## [Task directions]
It would help if you retyped the data exactly, leaving out the pictures.

## [Data records]
____

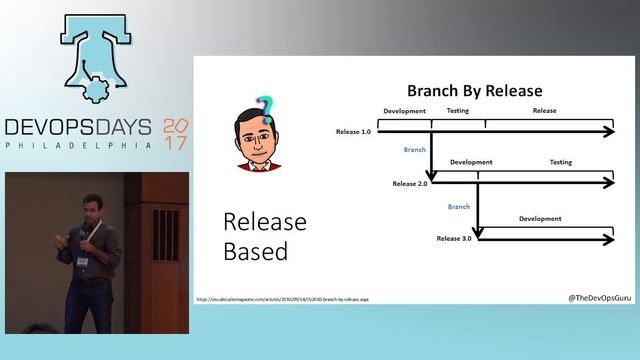 DevOpsDays Philly 2017 - Ignite - Branching Strategies... by Logan Daigle смотреть онлайн
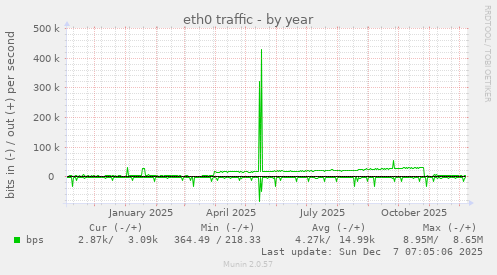 eth0 traffic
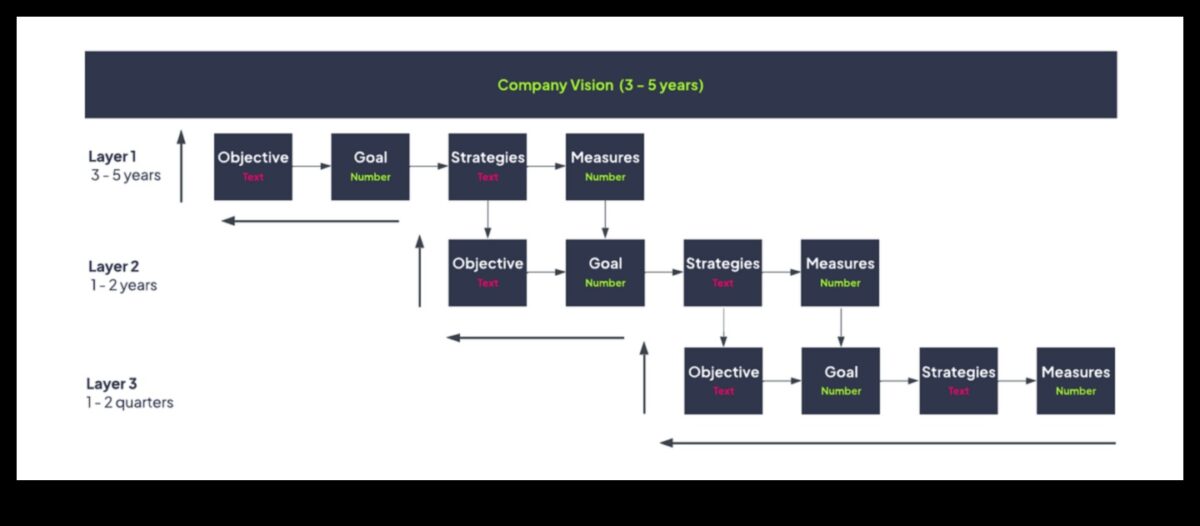 No vīzijas līdz uzvarai: efektīvas biznesa stratēģijas stratēģijas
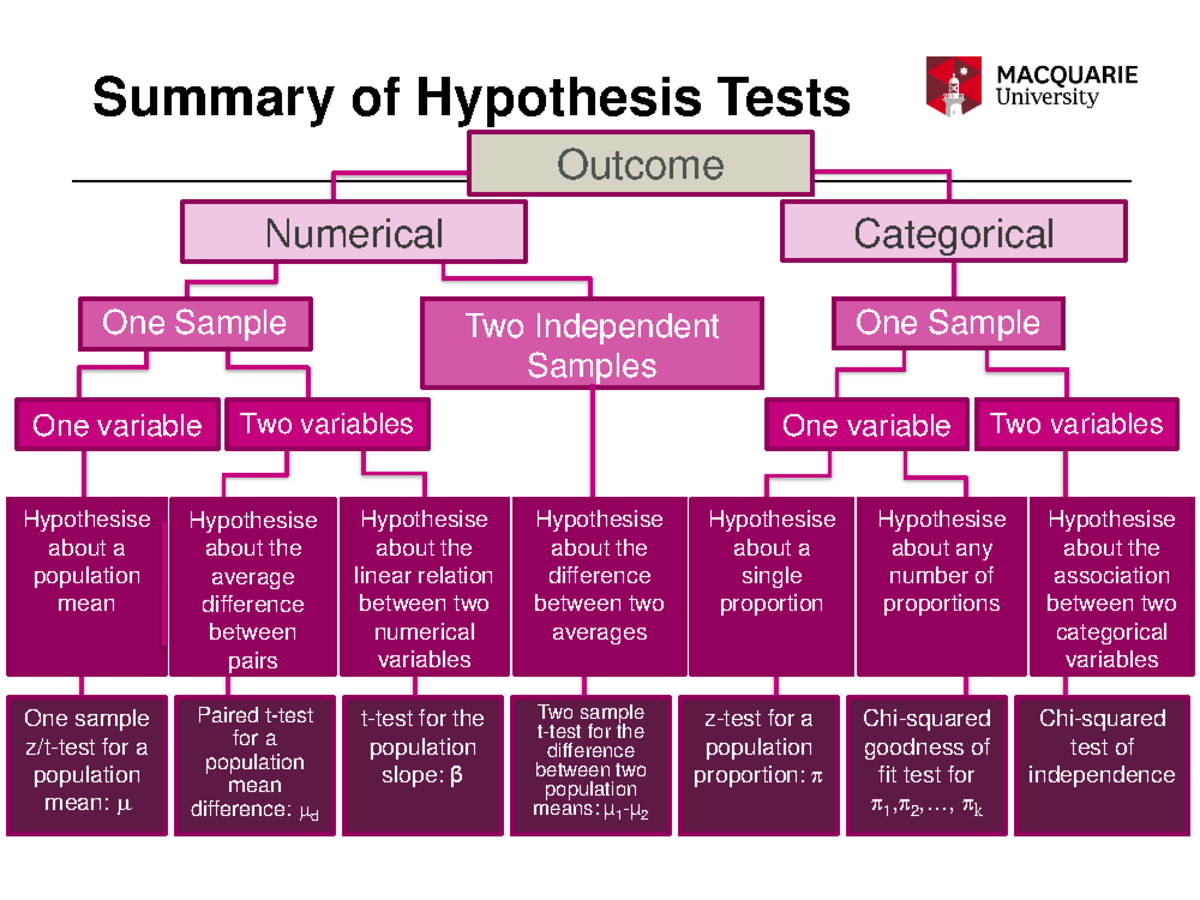 Summary Tests Summary of Hypothesis Tests Numerical One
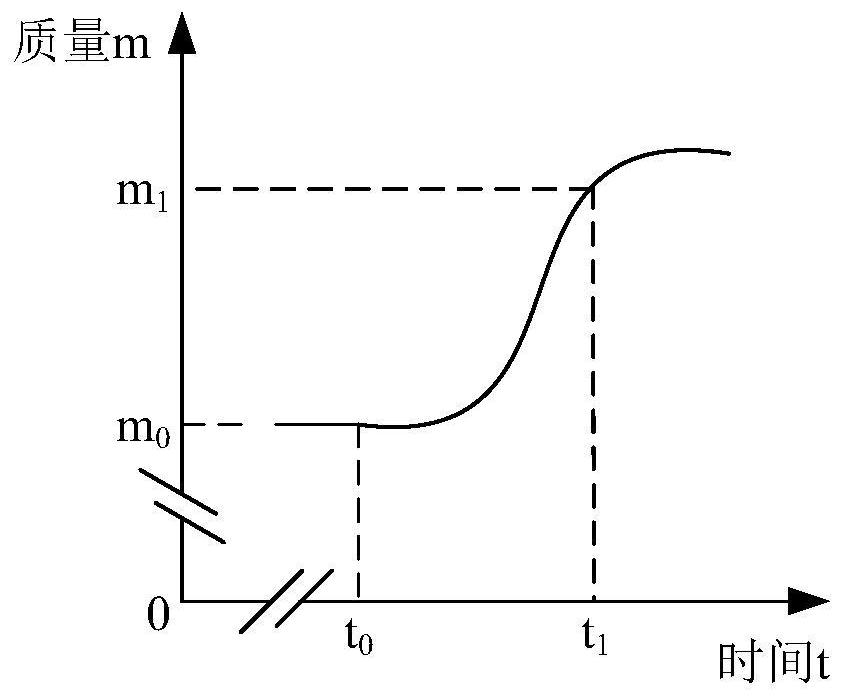 Method for evaluating adsorption degree of transformer oil paper insulation on-line dehydration molecular sieve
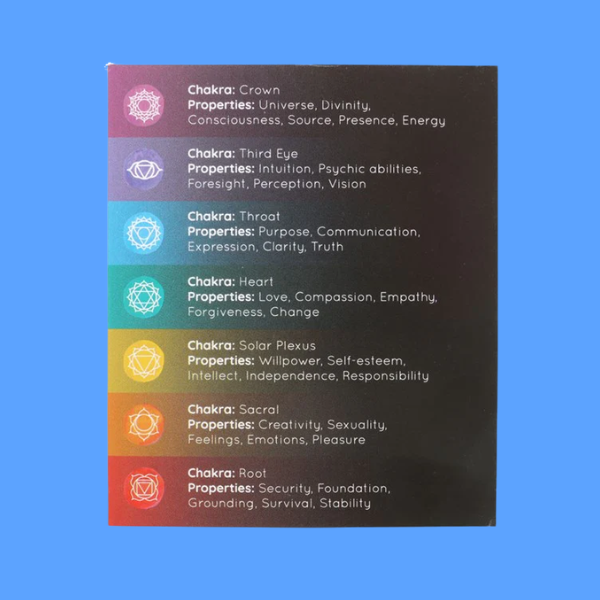CHAKRA ENERGY CANDLES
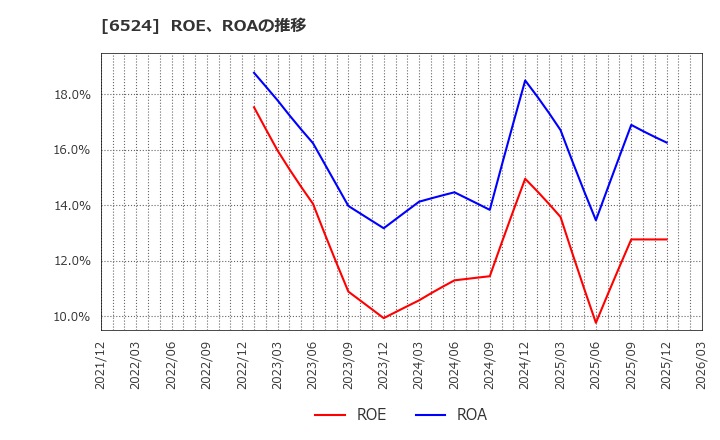 6524 湖北工業(株): ROE、ROAの推移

____

## [Answer to this exercise]
 DevOpsDays Philly 2017 - Ignite - Branching Strategies... by Logan Daigle смотреть онлайн
 eth0 traffic
 No vīzijas līdz uzvarai: efektīvas biznesa stratēģijas stratēģijas
 Summary Tests Summary of Hypothesis Tests Numerical One
 Method for evaluating adsorption degree of transformer oil paper insulation on-line dehydration molecular sieve
CHAKRA ENERGY CANDLES
 6524 湖北工業(株): ROE、ROAの推移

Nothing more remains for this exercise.